Meta - who operate the Instagram, WhatsApp, and Facebook brands - use crawlers for many different functions, including training Artificial Intelligence (AI).
A blanket approach of disallowing all Meta crawler user-agents might mean missing out on being discovered within some of their services. A more nuanced approached is explained in this blog.
Meta describes the product tokens, user-agents, and usage purposes in their documentation. We consult this documentation alongside other research sources when cataloging Meta’s crawlers for usages.
AI Crawlers
Meta-ExternalAgents
Meta's primary crawler for gathering data for AI uses is Meta-ExternalAgent. We've identified that this crawler is used for AI Indexing and Training.
The full primary User-Agent is:
meta-externalagent/1.1 (+https://developers.facebook.com/docs/sharing/webmasters/crawler)
Check out the full results in the User-Agent tester.
You'll notice the IsArtificialIntelligence property result is True indicating that one or more AI related crawler uses is associated with this crawler.
Meta-WebIndexer
This crawler is used purely for indexing Meta AI search results and uses the product token Meta-WebIndexer.

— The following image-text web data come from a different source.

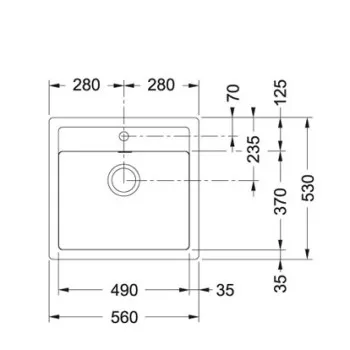 FRANKE Tectonite Virtuves izlietne SIRIUS 56x53 cm, SID 610, bēšīga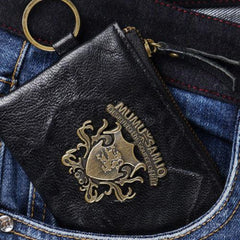Handmade Leather Mens Chain Biker Wallet Cool Leather Wallet Zipper billfold Wallets - imessengerbags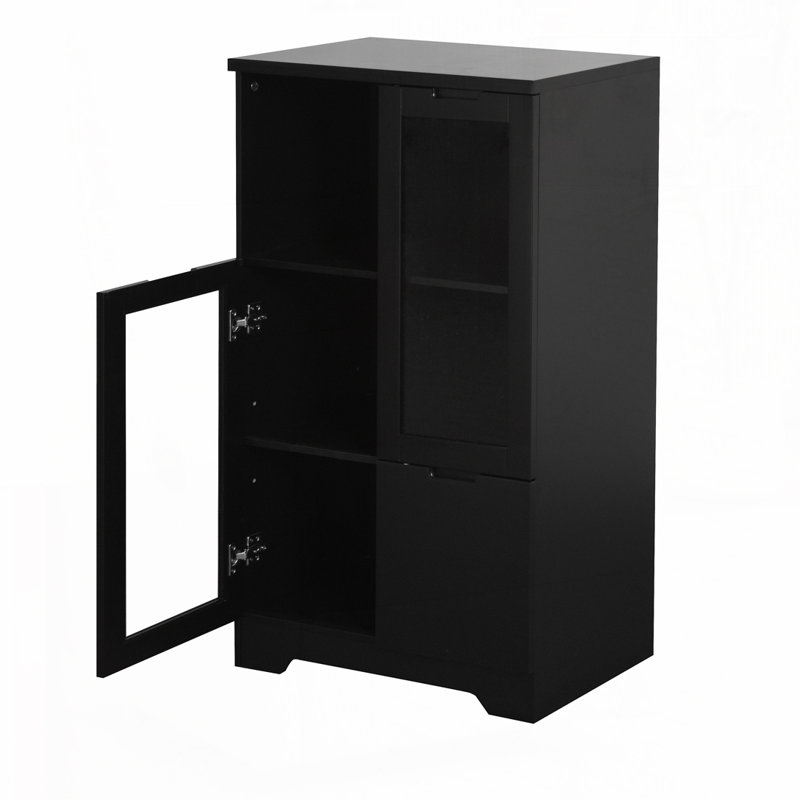 Armoire avec portes en verre et tiroir, espace de rangement ouvert, Noir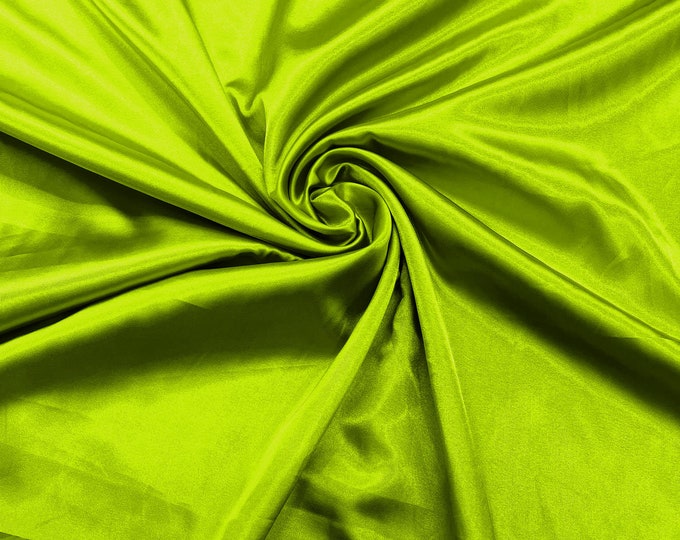 Neon Yellow Light Weight Silky Stretch Charmeuse Satin Fabric/60" Wide/Cosplay.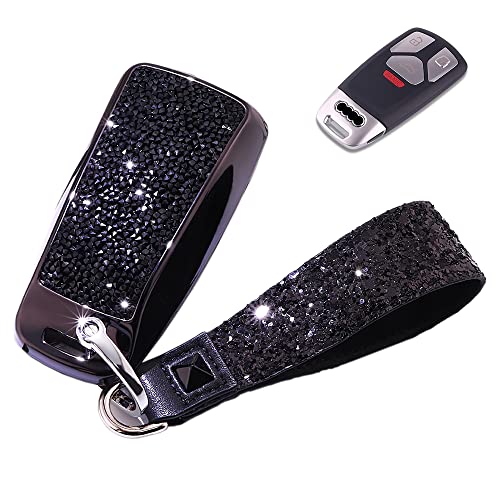 SANRILY 1Pcs Sparkling Bling Key Fob Cover Case for Audi A4 Q7 Q5 TT A5 A6 SQ5 R8 S4 S5 Keyless Entry Remote Key Holder Samrt Key Protector with Keychain Black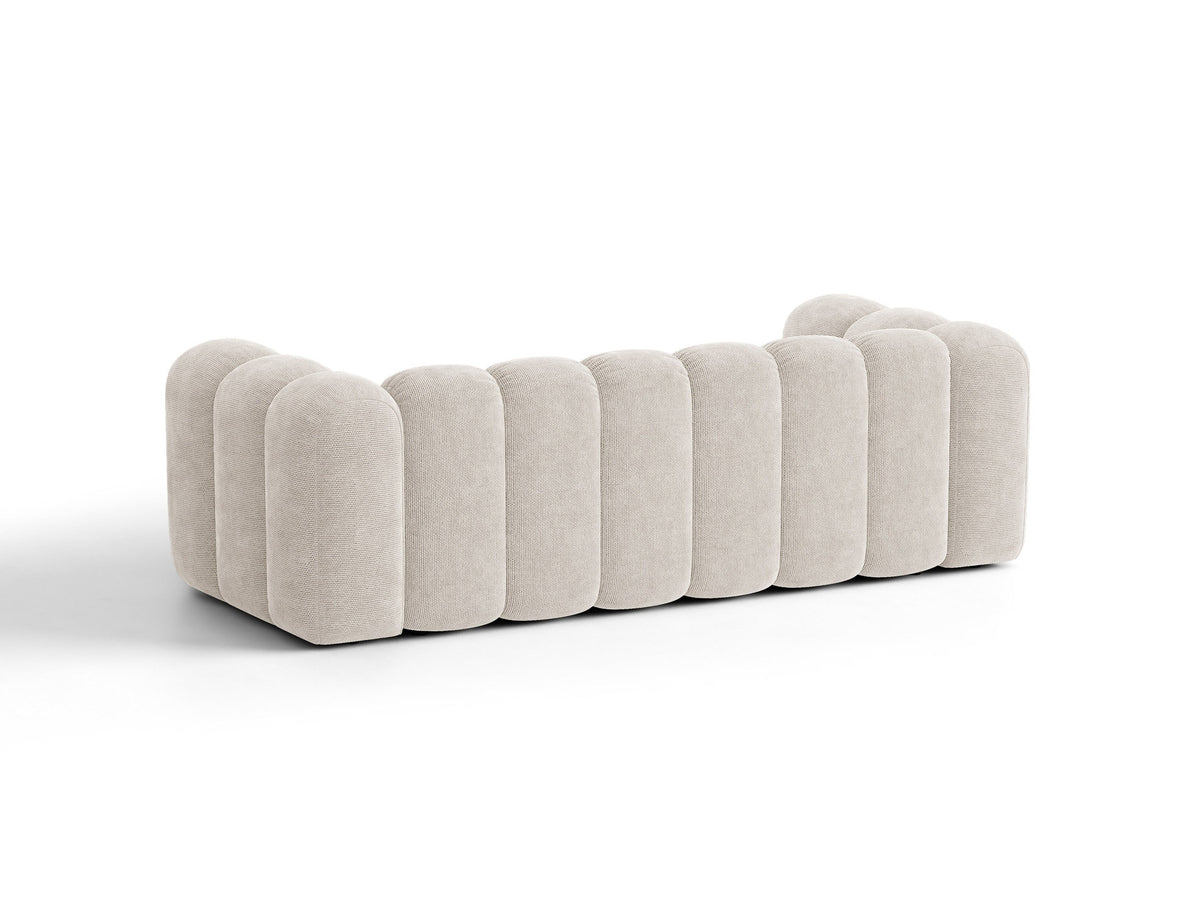 Micadoni Lupine 3er Sofa in leichtem Beige mit Bettfunktion, Stauraum im Bettkasten und schwarzen Kunststoffbeinen, Stoffbezug Eden 2 Pearl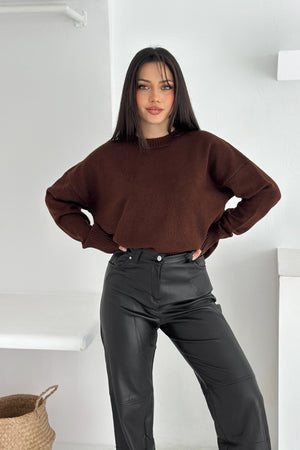 Kadın Standart Beden Oversize Triko Kazak - Kahverengi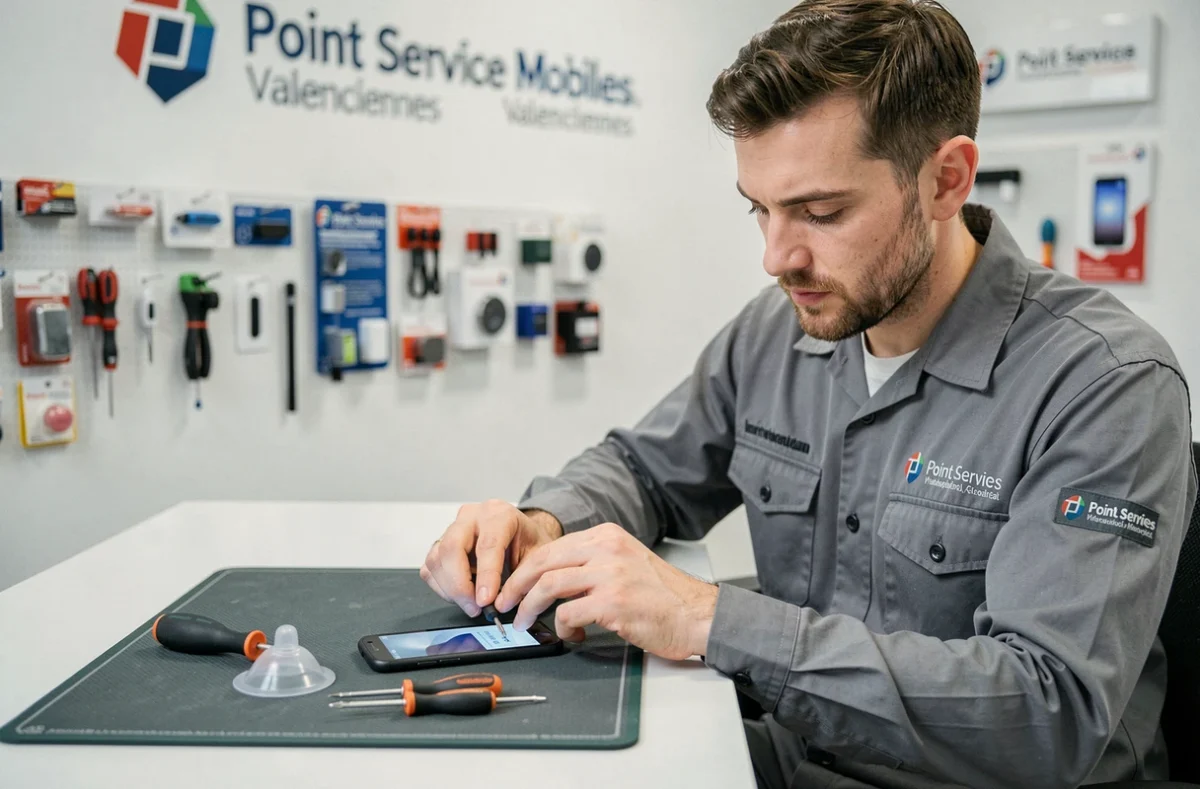 Technicien de Point Service Mobiles Valenciennes remplaçant l'écran d'un smartphone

Meta notes that allowing this crawler to access content will support Meta AI citing and linking to your content in the AI responses.
The main User-Agent we've seen for this crawler is:
meta-webindexer/1.1 (+https://developers.facebook.com/docs/sharing/webmasters/crawler)
See the User-Agent tester for all the details including IsArtificialIntelligence which returns True.
The CrawlerUsage property returns finer grained values so you can decide whether to allow crawlers to index your content or not. You can see a full list of usages in the developer documentation.
Non-AI
Meta operates User-Agents for uses other than AI.
Meta-ExternalFetcher
The Meta-ExternalFetcher token refers only to user-prompted actions and therefore doesn't qualify as a crawler because it's only ever used when a user is directly viewing the results. It will still show up frequently as the original user's User-Agent is replaced by Meta's'.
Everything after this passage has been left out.